バスで知り合ったバスク人が二人入ってきて、酒をおごると言ってきかない。で、二人におごってもらってから、こちらもおごり返した。すると二人はぼくらの背中を叩いて、またおごってくれた。で、ぼくらもまたおごり返し、それからみんなで暑い日差しの中に出て、バスのルーフにのぼった。

アフィシオンとは、”熱狂”を意味する。アフィシオナードとは、闘牛を熱狂的に愛好する者のことだ。

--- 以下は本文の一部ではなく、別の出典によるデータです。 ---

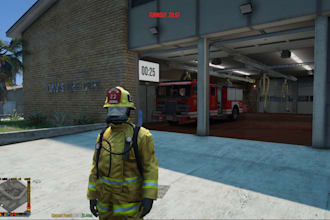 make custom fivem clothes, peds, chains, masks, custom ped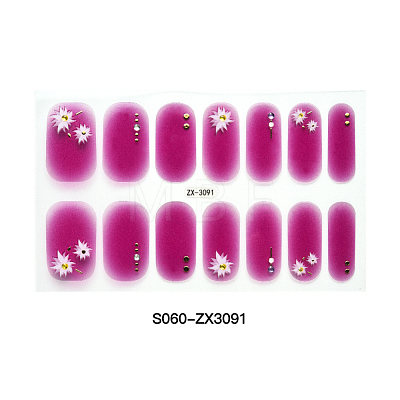 Full Cover Nombre Nail Stickers MRMJ-S060-ZX3091-1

何かを断念することで、何か別の物を手に入れる。もしくは、こちらから仕掛けて、何かを手に入れる。少しでも価値のあるものは、なんとか代価を支払って、すべて手に入れる。ぼくはちゃんと代償を支払って、自分の好きな物を手に入れてきたのだ。それによって、楽しい時間をすごしてきた。代償の支払い方は、さまざまだ。それについて学ぶとか、経験に頼るとか、イチかバチか賭けてみるとか、あるいは金を使うとか。生きる歓びとは、払った金に相応しい楽しみを確保し、それだけの価値のある楽しみを見きわめることにある。その人の意識しだいで、払った金に相応しい楽しみを得ることは可能なのだ。この世は金をフルに生かして食い込むには格好の場所だ。これは素晴らしい哲学のように思えた。が、五年もすれば、ぼくがこれまでに抱懐した他の哲学同様、さぞ愚劣なものに思えてくることだろう。

ここは世界でいちばん単純に暮らせる国だろう。ここでは何らかの曖昧な理由からこちらの友人になろうとして事態を複雑にする人間など一人もいない。もしだれかに自分を好きになってほしかったら、お金を少し使えばいいのだ。ぼくはすこしお金を使い、ウェイターはぼくを好きになってくれた。ぼくの価値ある人間的資質を、彼は気に入ってくれたわけである。ぼくがまたここを訪れれば、彼は喜ぶだろう。いつか、ぼくがもう一度ここで食事をすれば、彼は再会を喜び、自分の担当のテーブルにつかせたがるだろう。ごく健全な基盤に則っているが故に、その好意に嘘はない。ぼくはフランスにもどったのだ。

恋人と旅立たせて、ある男と馴染ませる。次いで別の男に彼女を紹介し、そいつと駆け落ちさせる。そのあげくに、彼女をつれもどしにいく。そして電報の署名には、”愛している”と書き添える。そう、これでいいのだ。ぼくは昼食をとりにいった。